NASA "Blue Marble" Shot (1972) by Apollo Astronaut Harrison Schmitt
The physicist Fred Hoyle predicted in 1948 that once a photograph of the entire earth was taken from outer space “a new idea as powerful as any in history will be let loose.” His words were prophetic. NASA’s famous “Blue Marble” shot, taken on the final Apollo manned moon mission in 1972, created a worldwide sensation when it was released. Nearly 50 years later, it remains the only image taken by astronauts of the entire globe and is believed to be one of the most widely reproduced photographs of all time. Our brilliantly illuminated planet, pictured looking up at Antarctica and the continent of Africa from below, does indeed appear like a giant blue glass marble set off against the inky blackness of space.
The photo op had not been part of the original mission plan. The shot was taken five hours into the flight, with the Apollo 17 spacecraft positioned so the entire planet was lit up as it sped toward the moon. Astronaut Harrison Schmitt* seized the opportunity to take the earth’s picture with a modified 70-mm Hasselblad – the only camera not stowed away for use later in the flight.
The curious thing is that the photo was published upside down. You would never know it to look at the image, because Antarctica appears at the bottom of the picture where you would expect it. However, the spacecraft was oriented in such a way that the South Pole was actually at the top of the world and the Arabian peninsula at the bottom when the picture was taken. The photographer was 28,000 miles from home in zero gravity and would have had no bodily sense of up and down. There is, of course, no particular reason why north should always be up and south down. Presumably NASA decided to adhere to earthly convention so as not to confuse people.
Humans have been mapping our world for some 16,000 years, but only in last few centuries has north been consistently positioned at the top. For example, although Christopher Columbus navigated by the North Star when he set sail for the New World, he thought of east as being the top of the world because he believed that was the direction of paradise. North only took top honors starting with the Mercator map in 1569, which attempted to account for the curvature of the earth on a two-dimensional surface. The map was especially useful for navigation, most of which took place in the northern hemisphere at that time, so it made sense to orient the map that way.

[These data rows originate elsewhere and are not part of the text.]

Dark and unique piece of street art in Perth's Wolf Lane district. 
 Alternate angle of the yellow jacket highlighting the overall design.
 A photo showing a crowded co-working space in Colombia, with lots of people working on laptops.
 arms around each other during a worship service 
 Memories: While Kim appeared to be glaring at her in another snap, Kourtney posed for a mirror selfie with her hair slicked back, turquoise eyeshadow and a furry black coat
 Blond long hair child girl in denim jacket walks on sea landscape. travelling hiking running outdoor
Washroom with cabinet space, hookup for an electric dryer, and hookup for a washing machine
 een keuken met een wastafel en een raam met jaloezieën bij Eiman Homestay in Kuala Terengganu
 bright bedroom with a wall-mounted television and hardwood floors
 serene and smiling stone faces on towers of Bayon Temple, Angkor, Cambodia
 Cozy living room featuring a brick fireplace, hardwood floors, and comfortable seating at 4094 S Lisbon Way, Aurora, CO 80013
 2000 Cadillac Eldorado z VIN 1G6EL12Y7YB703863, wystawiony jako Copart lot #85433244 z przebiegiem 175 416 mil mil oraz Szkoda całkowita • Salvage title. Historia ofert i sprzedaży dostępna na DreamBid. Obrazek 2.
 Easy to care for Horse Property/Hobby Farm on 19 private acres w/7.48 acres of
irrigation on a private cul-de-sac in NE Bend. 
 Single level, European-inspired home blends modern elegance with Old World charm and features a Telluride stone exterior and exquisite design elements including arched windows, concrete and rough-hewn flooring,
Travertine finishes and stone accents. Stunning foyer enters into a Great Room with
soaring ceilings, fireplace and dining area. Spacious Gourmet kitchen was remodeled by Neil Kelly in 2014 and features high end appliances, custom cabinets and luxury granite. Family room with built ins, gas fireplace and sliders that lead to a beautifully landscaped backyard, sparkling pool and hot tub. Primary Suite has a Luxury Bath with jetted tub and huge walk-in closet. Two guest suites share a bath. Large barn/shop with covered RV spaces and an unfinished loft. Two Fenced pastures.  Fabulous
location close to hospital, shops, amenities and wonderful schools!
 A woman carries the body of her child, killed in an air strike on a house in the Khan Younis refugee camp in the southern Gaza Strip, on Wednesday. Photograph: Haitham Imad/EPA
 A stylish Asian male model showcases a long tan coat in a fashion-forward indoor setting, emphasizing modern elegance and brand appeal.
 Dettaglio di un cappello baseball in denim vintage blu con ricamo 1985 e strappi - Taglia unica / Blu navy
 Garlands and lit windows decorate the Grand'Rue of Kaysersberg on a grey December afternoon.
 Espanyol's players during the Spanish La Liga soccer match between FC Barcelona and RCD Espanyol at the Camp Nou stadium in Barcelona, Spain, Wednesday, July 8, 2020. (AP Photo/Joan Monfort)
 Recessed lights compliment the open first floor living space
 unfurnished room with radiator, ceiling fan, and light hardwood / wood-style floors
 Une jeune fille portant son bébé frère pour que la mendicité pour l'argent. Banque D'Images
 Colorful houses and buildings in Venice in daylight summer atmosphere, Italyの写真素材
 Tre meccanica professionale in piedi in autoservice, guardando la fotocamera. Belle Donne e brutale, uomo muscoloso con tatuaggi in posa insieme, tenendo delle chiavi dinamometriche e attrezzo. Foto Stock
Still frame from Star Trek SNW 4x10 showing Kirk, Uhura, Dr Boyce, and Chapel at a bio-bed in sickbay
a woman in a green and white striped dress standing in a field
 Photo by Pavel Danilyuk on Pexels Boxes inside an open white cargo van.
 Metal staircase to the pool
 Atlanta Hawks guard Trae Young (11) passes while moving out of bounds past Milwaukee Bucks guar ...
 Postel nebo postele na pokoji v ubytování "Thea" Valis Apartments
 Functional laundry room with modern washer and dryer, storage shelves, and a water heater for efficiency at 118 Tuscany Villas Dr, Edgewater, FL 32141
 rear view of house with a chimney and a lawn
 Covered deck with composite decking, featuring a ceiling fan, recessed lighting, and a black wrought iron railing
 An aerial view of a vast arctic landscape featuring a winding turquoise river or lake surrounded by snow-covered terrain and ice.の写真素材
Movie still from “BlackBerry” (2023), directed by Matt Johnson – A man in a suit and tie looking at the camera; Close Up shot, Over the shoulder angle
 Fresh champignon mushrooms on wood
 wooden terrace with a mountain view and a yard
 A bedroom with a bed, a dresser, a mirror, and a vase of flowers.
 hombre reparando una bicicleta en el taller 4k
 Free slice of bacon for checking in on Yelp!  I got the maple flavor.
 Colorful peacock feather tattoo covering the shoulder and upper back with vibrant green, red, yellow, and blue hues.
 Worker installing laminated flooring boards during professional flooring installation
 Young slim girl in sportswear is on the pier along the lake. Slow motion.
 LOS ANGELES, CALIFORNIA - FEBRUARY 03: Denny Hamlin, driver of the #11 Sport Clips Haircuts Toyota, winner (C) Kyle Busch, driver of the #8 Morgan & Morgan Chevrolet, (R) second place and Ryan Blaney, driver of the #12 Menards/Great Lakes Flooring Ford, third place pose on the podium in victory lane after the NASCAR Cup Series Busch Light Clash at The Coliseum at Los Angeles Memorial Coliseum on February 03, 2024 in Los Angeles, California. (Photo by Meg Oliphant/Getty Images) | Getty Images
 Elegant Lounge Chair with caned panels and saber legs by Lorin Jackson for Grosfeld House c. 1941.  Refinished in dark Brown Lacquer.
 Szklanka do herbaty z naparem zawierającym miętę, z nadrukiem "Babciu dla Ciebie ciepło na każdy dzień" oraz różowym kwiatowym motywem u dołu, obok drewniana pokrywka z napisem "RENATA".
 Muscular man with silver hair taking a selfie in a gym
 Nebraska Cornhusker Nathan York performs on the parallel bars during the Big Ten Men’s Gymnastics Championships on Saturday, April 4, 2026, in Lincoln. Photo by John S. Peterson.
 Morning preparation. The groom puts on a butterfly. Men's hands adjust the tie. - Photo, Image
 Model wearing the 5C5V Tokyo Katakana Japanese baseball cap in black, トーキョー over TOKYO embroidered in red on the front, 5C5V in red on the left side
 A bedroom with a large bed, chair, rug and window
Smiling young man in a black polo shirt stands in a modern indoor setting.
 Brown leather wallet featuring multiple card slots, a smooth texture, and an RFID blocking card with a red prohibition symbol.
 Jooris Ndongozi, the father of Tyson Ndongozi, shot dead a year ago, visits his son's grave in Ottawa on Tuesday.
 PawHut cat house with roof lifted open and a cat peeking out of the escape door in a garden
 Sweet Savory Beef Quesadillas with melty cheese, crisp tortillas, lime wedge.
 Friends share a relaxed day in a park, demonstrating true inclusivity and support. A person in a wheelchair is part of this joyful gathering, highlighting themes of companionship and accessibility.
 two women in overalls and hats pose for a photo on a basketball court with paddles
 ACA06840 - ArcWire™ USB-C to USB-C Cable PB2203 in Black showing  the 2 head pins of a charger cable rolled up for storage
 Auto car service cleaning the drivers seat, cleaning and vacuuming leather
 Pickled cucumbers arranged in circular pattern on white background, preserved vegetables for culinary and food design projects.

To what extent is our basic orientation in space and time simply a matter of convention? Granted, “up” and “down” are arbitrary designations if you are looking at a map. But is there some fundamental alignment of direction with the sun and planets? The answer is yes and no. The planets all orbit the sun on the same plane in the direction of its rotation: counterclockwise when viewed from the sun’s north pole. And the planets rotate on their axes in this same direction, with the notable exception of Venus and of Uranus. Uranus rotates on its side, possibly because it got knocked off its pins after colliding with an earth-sized object long ago. A collision may also explain why Venus’ north and south poles are essentially the reverse of most other planets relative to the plane of the Solar System. The so-called ecliptic, which is defined by the orbits of the planets around the sun, is at a 63° angle to the Milky Way, and the universe as a whole appears to be a complete jumble. If you whipped out your Hasselblad to take a 360° picture of the entire universe, there is no way you could determine which way is up and which is down.
*Schmitt’s fellow Apollo 17 astronauts, Eugene Cernan and Ron Evans, also claimed to have taken the shot, but evidence suggests Schmitt, a geologist by training, was most likely the photographer.